C’est avec beaucoup de sensibilité et de fraîcheur dans son écriture que Françoise Steurs nous conte les démêlés d'un médecin du SAMU social avec Max sans-tête. Françoise travaille avec des jeunes pas tout à fait comme les autres, des jeunes qui voient le monde différemment et l’appréhendent autrement. C'est le cas de Max qui échappe à toutes les contingences sociales, vit dans le plus grand désordre, mange n’importe quoi, se néglige. Il ne pense qu’à faire des photos des gens de son quartier qu’il capture régulièrement à heure fixe dans un vieil appareil bricolé. « Max n’a que ça en tête : capter la vie qui passe autour de lui. Reproduire ces scènes de la vie quotidienne. A l’infini. En extraire des instants dans l’obscurité de la chambre noire ».
Un voisin porte plainte, Max va trop loin, il n’a aucun sens de l’hygiène. C'est alors qu'un médecin du SAMU social passe le voir et découvre des piles de photos, toujours les mêmes, floues mais prodigieusement expressives. Elles sont différentes des clichés habituels, expriment une autre vision du monde. Le Doc est subjugué par cette perception des personnages qui traduit une grande sensibilité en même temps qu’une expression artistique pointue. « Cet homme n’est pas juste bon à être enfermé dans une maison de soins. Il est capable de marquer la différence entre le jour et la nuit, il cuisine tous les jours et n’est pas agressif ». Le médecin décide de le suivre et le convainc d’exposer ses œuvres, ainsi débute une épopée épique qui conduira le Doc à se remettre en question et à se demander lequel des deux est du bon côté de ce qu’on définit habituellement comme la norme.

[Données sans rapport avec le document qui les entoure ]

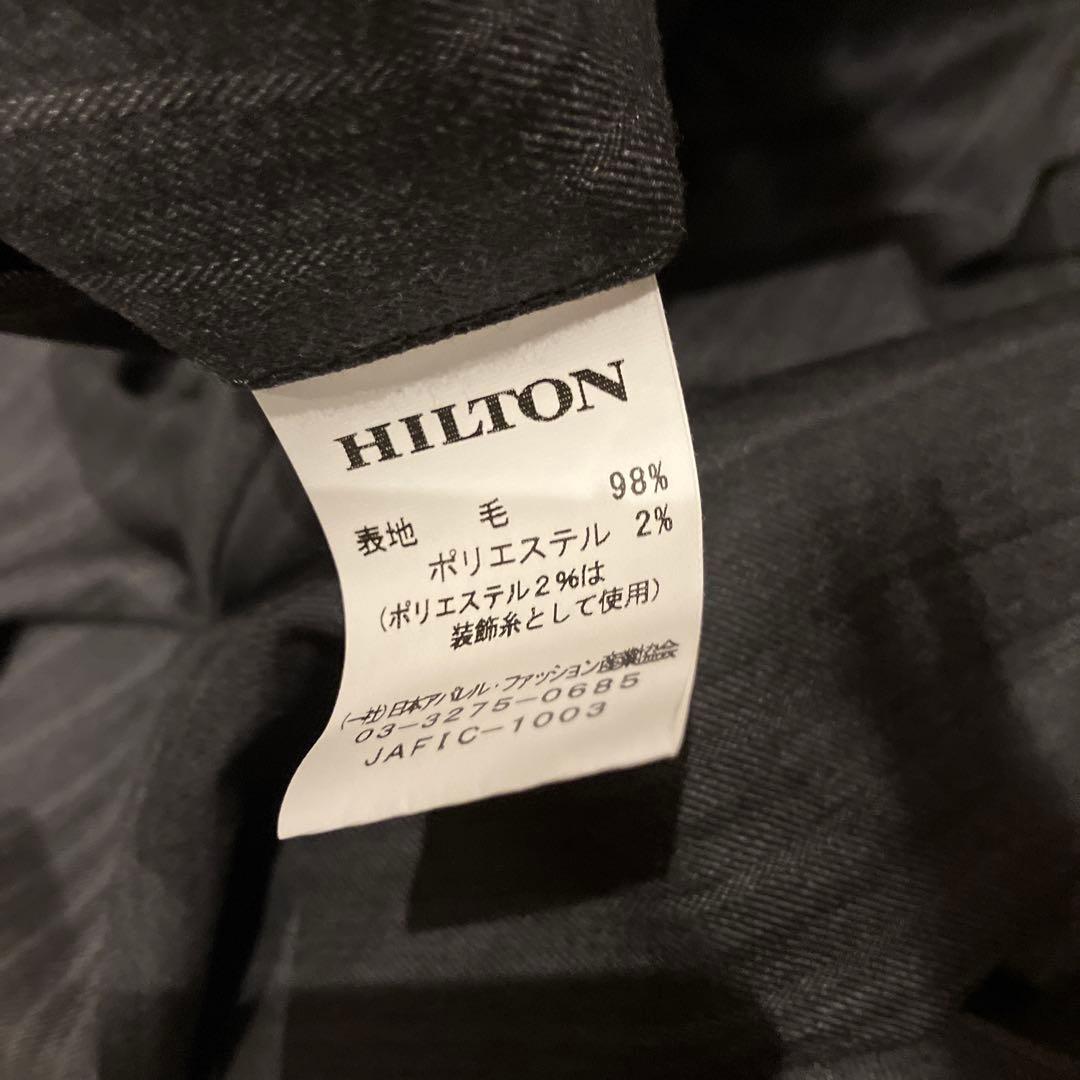 極美品✨️HILTON コロンボ super130 スーツ 紺 チェック A 6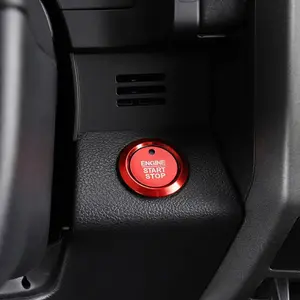 Ford F150 Engine Start Stop Button Cover, 2 Counts Push Start Button Decoration, Anti-Scratch Fashion Car Interior Accessories Kit drive mode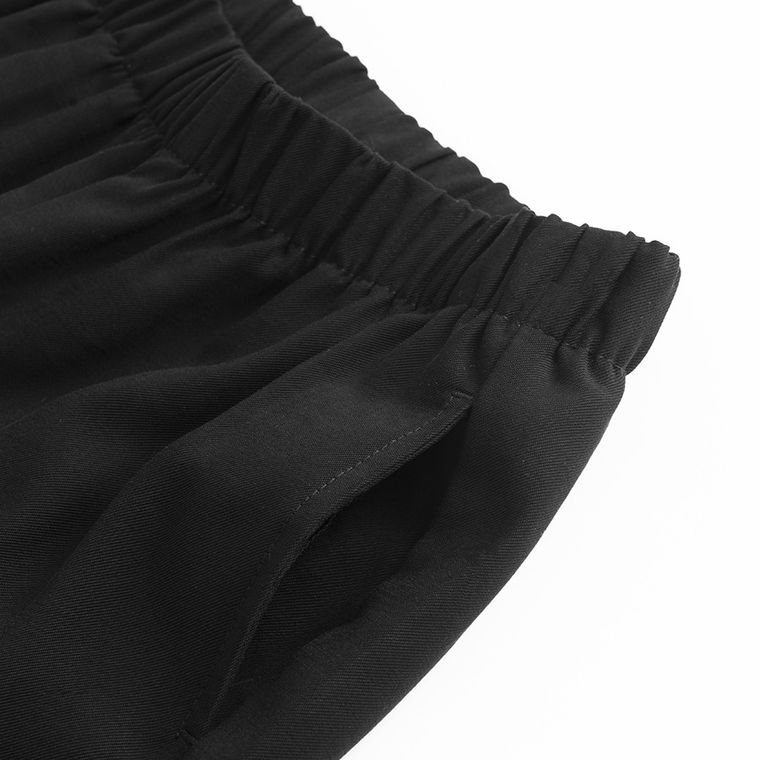 Cool Club, Pantaloni din material textil pentru fete, wide, negru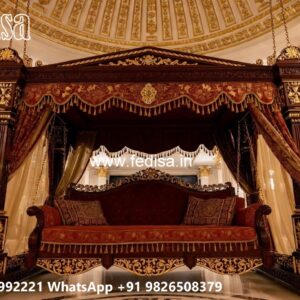 Handcrafted Wood Carving Swing Design with Timeless Style No-2686
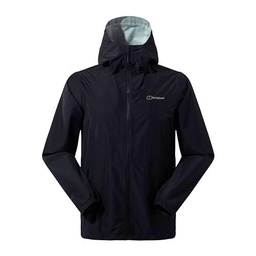 Berghaus Deluge Pro 3.0 Chaqueta para Hombre, Negro/Negro, S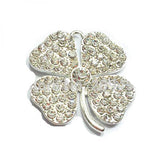 32mm Clover Rhinestone Pendants Lot of 10 for St. Patrick's Jewelry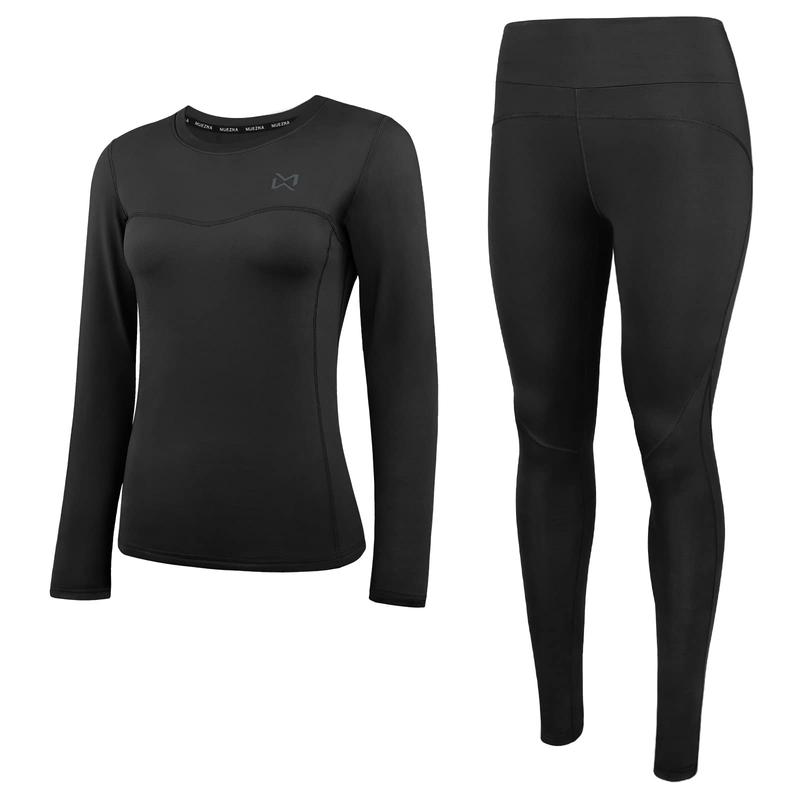 Thermal Underwear for Women Long Johns Ski Base Layer Thermal Top and Bottom Set with Fleece Lined for Cold Weather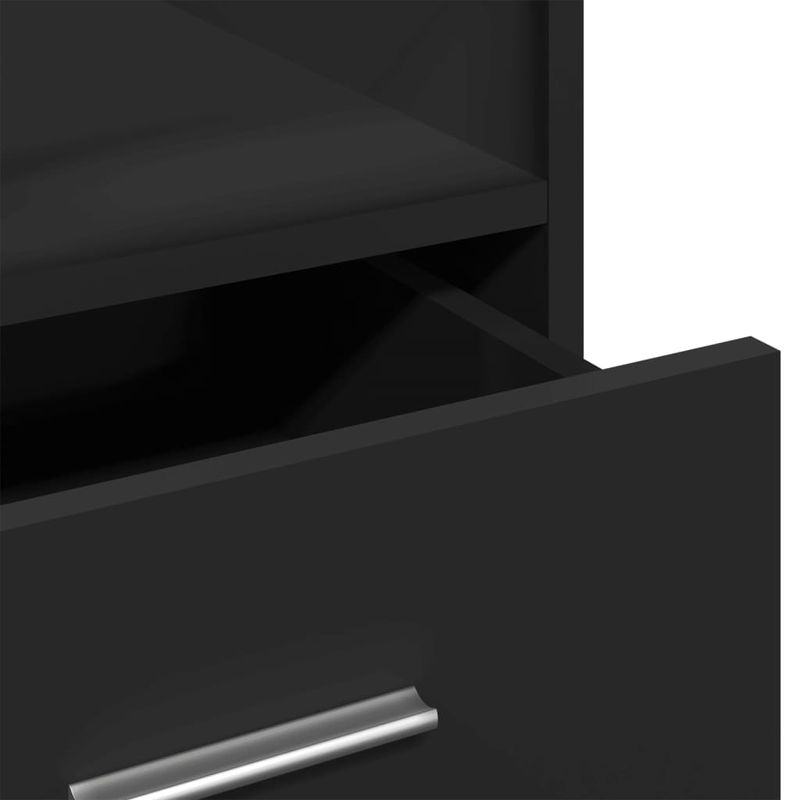 Casa si Gradina - Mobilier - Mese si birouri - Birouri - Pupitru cu roti si sertar negru 55x55x107 cm lemn prelucrat - Infinity.ro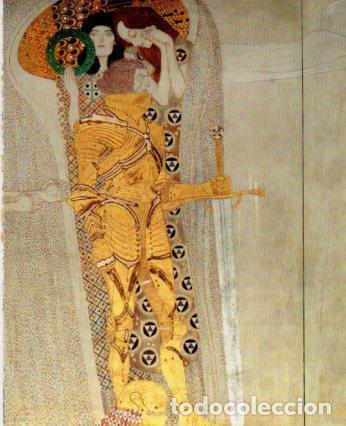 Otros art&iacute;culos de coleccionismo en papel: LAMINA V23242: Gustav Klimt. Las Fuerzas hostiles Friso de Beethoven detalle - Varios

Un très bon texte sur la différence, en l’occurrence sur ceux qu’on prend pour des attardés mentaux, des dérangés du ciboulot, des gens un peu fous qui, souvent, possèdent une acuité artistique et une créativité affutées. Max n’a pas une logique cartésienne mais son intuition est peut-être bien supérieure à l’intelligence de nombre d’entre nous. Les conseils qu’il donne au Doc pour choisir une bonne photo pourraient servir aux lecteurs à la recherche d’un bon livre dans une bibliothèque ou une librairie. L’intuition est peut-être la meilleure conseillère quand elle s’appuie sur une perception fine et sensuelle. « Il faut pouvoir piocher, se laisser surprendre au détour d’une image. Etre happé. Ne s’intéresser qu’à une seule. Et tant pis pour les autres. C’est comme à la brocante. Tu te balades sans idée précise dans la tête. Quand, soudain, un objet attire ton regard. Tu t’arrêtes. Tu regardes encore. Tu t’approches de la chose. Tu la touches. De tes yeux, avec tes mains. Tu t’imagines quelque part… » Ce n’est que ça l’émotion artistique.
Il faut le croire car « Le fou dit toujours la vérité », Françoise Steurs l’a bien compris, elle est aux premières loges pour s’en convaincre.